I am trying to decide what to do with the Probe over the winter (which is apparently supposed to be cold, but not that snowy here), and I could use some advice. Here are my options:
1) Find some kind of indoor storage (really cheap garage, barn, shed) for the Probe and drive only the Eighty-Eight. If I choose this option, I also wonder if it is wiser to have the car fixed first, or just fix it in the spring if nothing will get any worse.
2) Have the Probe fixed and drive it on warmer/drier days, and fight the ice and snow in the Eighty-Eight.
3) Wait to have the Probe fixed till spring, but keep it for free in the parking lot at my apartment complex. Could either remove the battery or attempt to drive it once in a while.
The Probe is the first car I’ve owned, and it’s a blast. I want to keep the car in good condition for another two years or so, and I would appreciate your help and insight. Thanks!
If you are planning to have the struts replaced in spring, why wait? Do it now. You will have use of the Probe all winter. You will certainly appreciate the second car when the Olds needs to go into the shop for a few days. And why maintain insurance, etc, for a car that is taken out of service?
The Probe will handle the winter conditions as good as the Olds. Make sure both have good tires.
It makes no sense to do anything other than keep both cars in service.
I would fix the Probe now and continue to drive it. Why give up driving it until spring for just $450? Cars don’t like to sit around in storage.

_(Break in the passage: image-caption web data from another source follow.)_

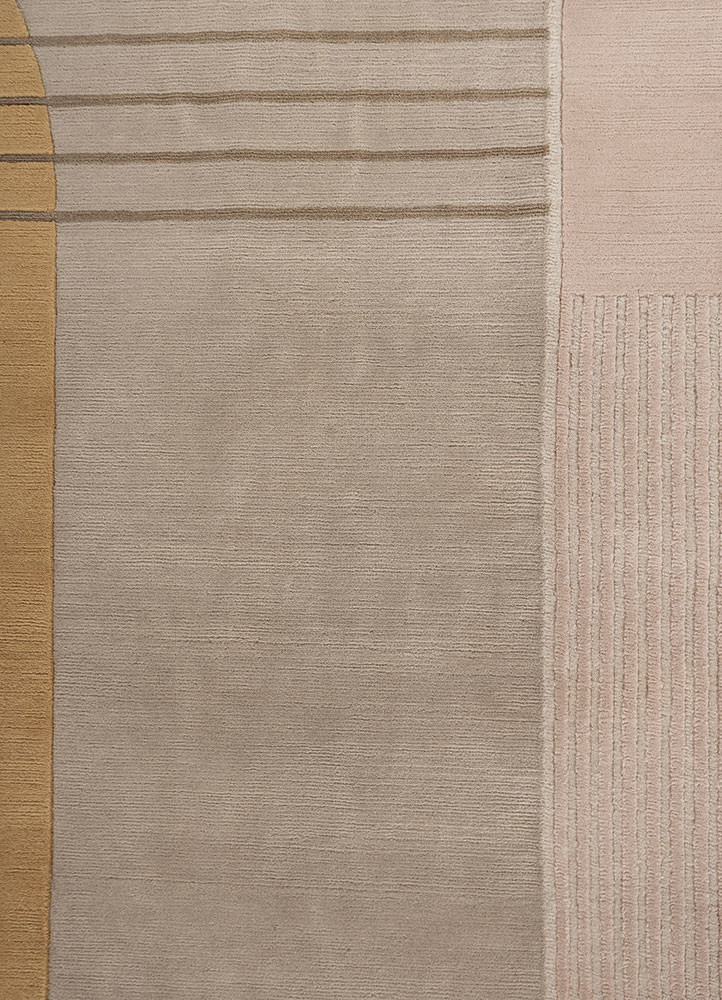 sthir ivory wool hand knotted Rug - CloseUp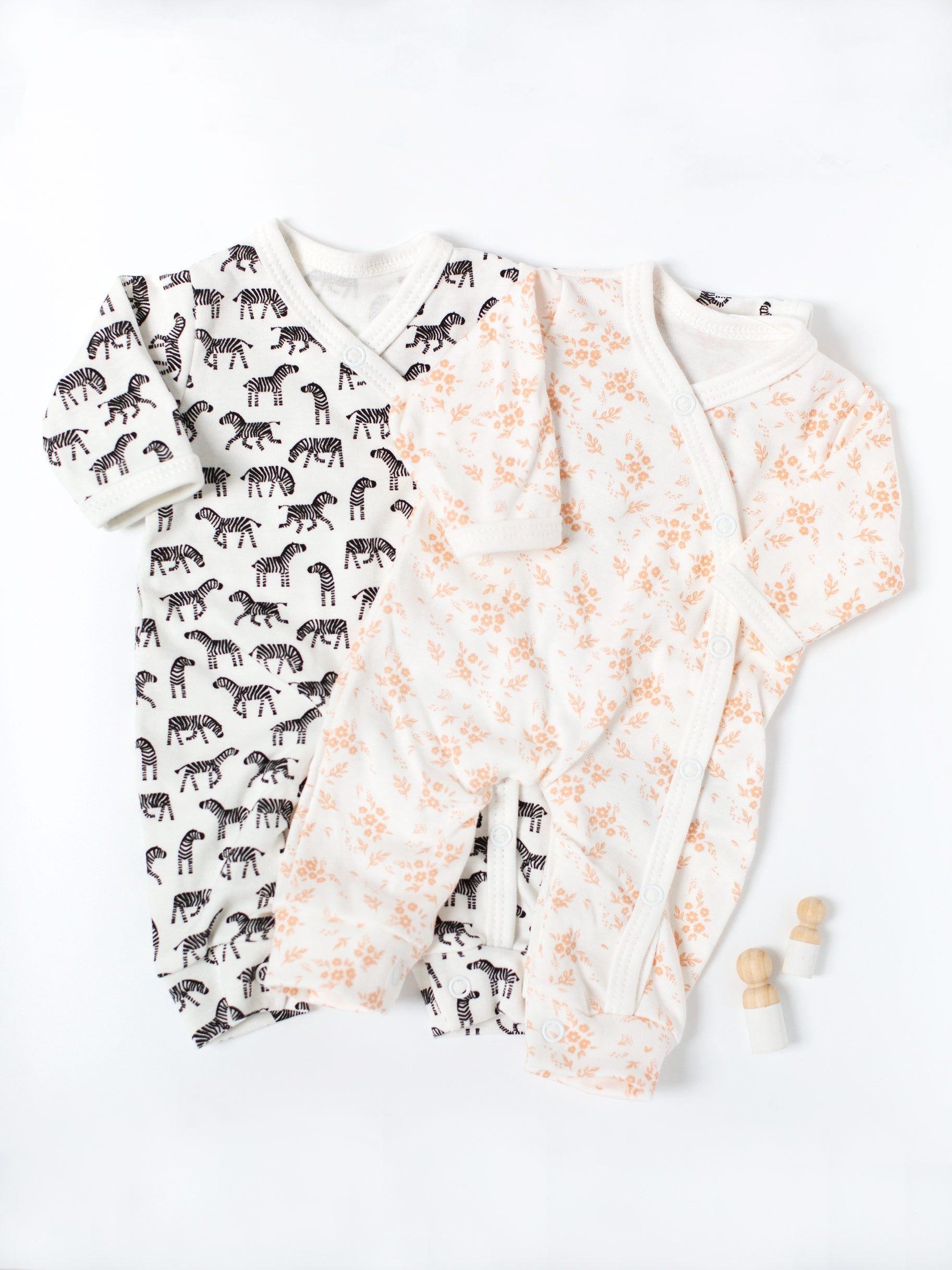Twin Bundle - 2 Pack Sleepsuits, Little Zebras and Apricot Floral, 100% Organic Cotton - Set - Tiny & Small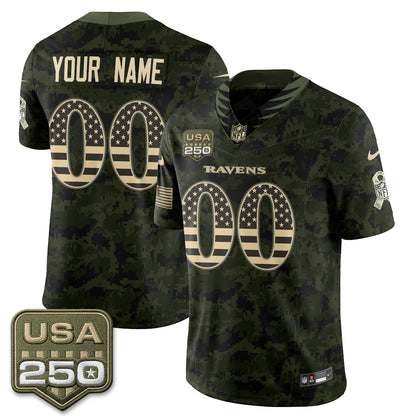 Baltimore Ravens 2026 Salute to Service Vapor Custom Jersey - Stitched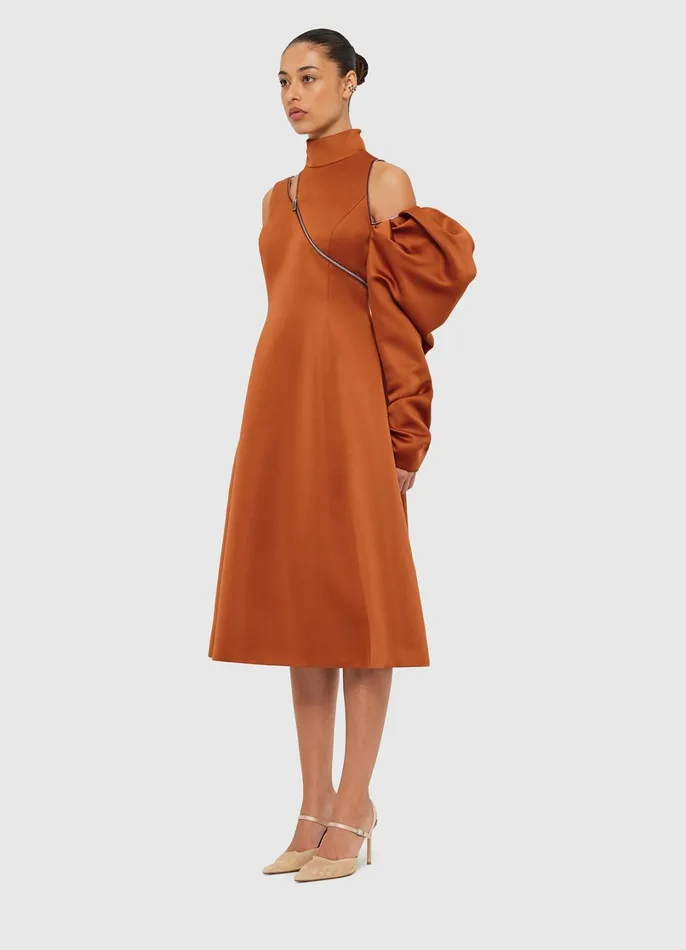 Dresses and Jumpsuits Women LEO LIN Annalise One Shoulder Midi Dress 8211 Toffee
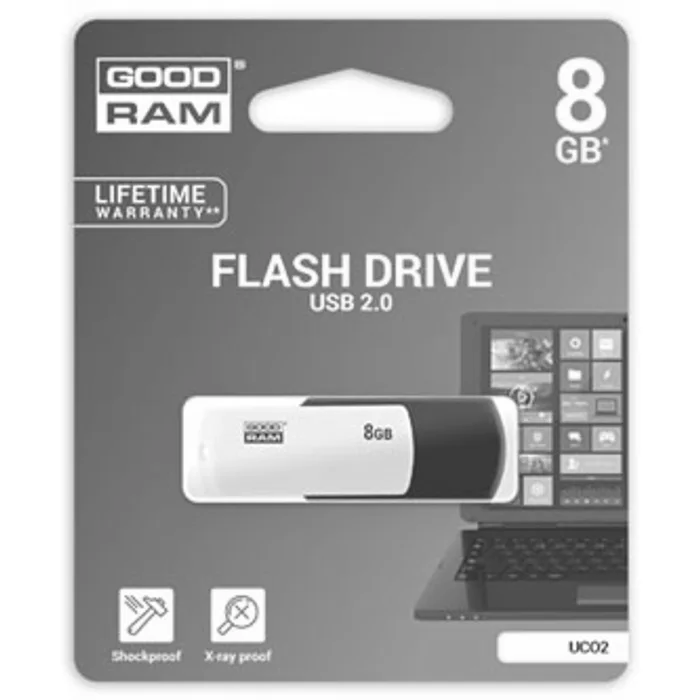 Hauptproduktbild Goodram USB flash disk, USB 2.0, 8GB, UCO2, černý, UCO2-0080KWR11, USB A, s otočnou krytk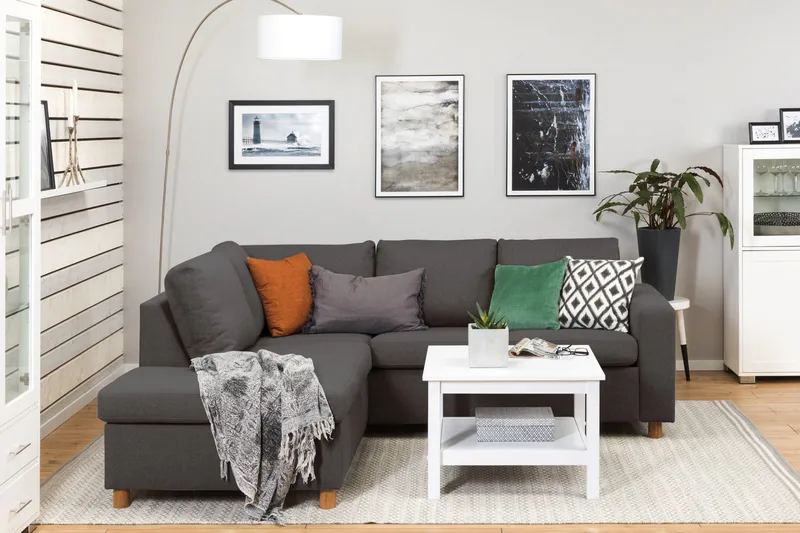 Crazy 3-seters Venstrevendt L-formet Sjeselongsofa i Stoff - Mørk grå - Møbler - Sofaer - Sofa med sjeselong - 2 seters sofa med divan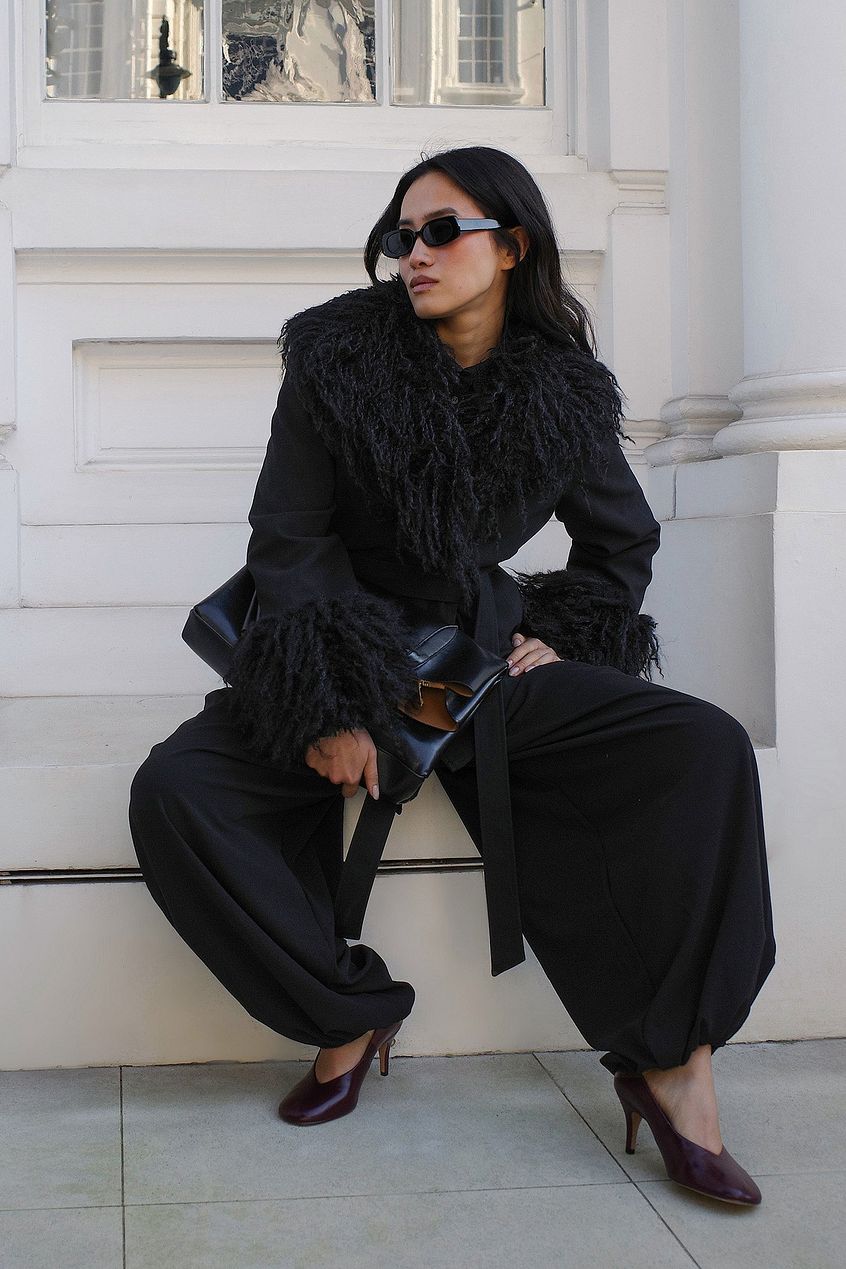 Bonded Detail Curly Faux Fur Jacket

Driving the car is the best thing for it.
The trick with snow is to have winter tires. They make all the difference. Either of these cars will be fine in snow with the proper tires.
If you decide to wait until spring to fix the Probe put fuel stabilizer in the car NOW and make sure the gas tank is full before you park or store the car for the winter.
I’m not sure if either of your problems are applicable, but I’ve done the parking a car for winter instead of fixing it thing a few times and the trouble with it is that in the spring, you don’t know which problems it had before and which ones are just related to it sitting.
If you are for sure going to fix it, I’d vote for fix it now. At very least, I’d at least figure out the coolant leak issue before you put it away.